New Chubb product protects against range of media risks

A new insurance product offers organizations in Canada and the U.S. protection against a broader array of both traditional and emerging media-related exposures.

Chubb Insurance Company launched MediaGuard, its new errors and omissions (E&O) liability insurance policy last week in Toronto. The new product brings together several stand-alone products into one insurance platform, along with new coverage enhancements.

“Media Guard is a compilation of three different policies that we’ve had for media companies and for Internet exposure,” said Matthew Davies, senior underwriting officer and Canadian manager of professional and media liability with Chubb. “Those policies were written literally in the last century, so this is an upgrade and update of the three policies for multi-media companies, news gathering organizations and for any client who might not be a true media risk but who has an Internet exposure through their website.”
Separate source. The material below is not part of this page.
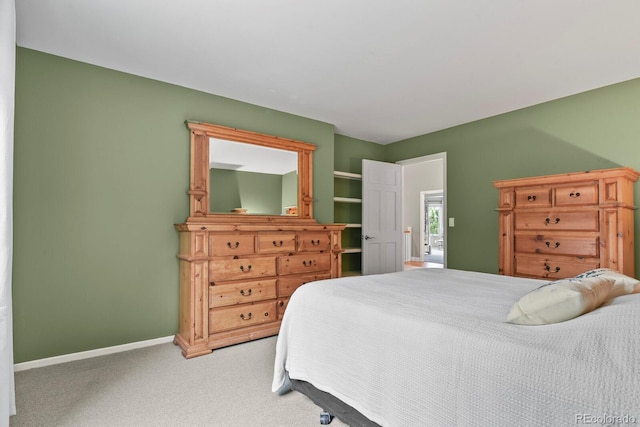 265 Lodgepole Way, Monument, CO 80132 - photo 28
The policy provides third-party liability protection against exposures such as defamation, invasion of privacy, copyright and trademark infringement, misappropriation and advertising errors and omissions. Enhancements include stand-alone insuring clauses for news media and multimedia E&O, producers E&O, internet liability and news media subpoena defence costs. Other enhancements include built-in advertising coverage (content and E&O), merchandising coverage for production activities and automatic coverage for websites created after policy inception.

Davies said that Chubb launched the new product to address the changing nature of the liabilities faced by both media and non-media organizations. Such policies typically covered professionally produced and vetted information or broadcasts from mainstream media corporations. “Now, anyone with a cell phone camera is a paparazzo if they wish to be. And there are certainly lots of places on the Internet where anybody can post anything they wish and it may be something that comes back to haunt them at a later date,” said Davies.

Another risk, he pointed out, is that regional media organizations are now able to reach a global audience with the help of the Internet. “You’re no longer just being heard in Thunder Bay or Sudbury, you could be heard in Durban, South Africa,” said Davies. What these organizations may not be aware of, said Davies, is that they are subject to the laws in the jurisdictions in which their information is being broadcasted. “So if your broadcast defames someone in Australia or Japan, or steals an idea from someone who lives in Switzerland, they can sue you in that territory, under those laws.”

He said that many companies, particularly non-media organizations, don’t have a firm grasp of the potential liabilities to which they’re exposed. “I don’t think that it’s well understood. And I think that brokers are learning more about how to position Internet exposure to their clients,” said Davies. “There is more awareness now among insurance professionals because the Internet is not going away and clients are asking questions about it.”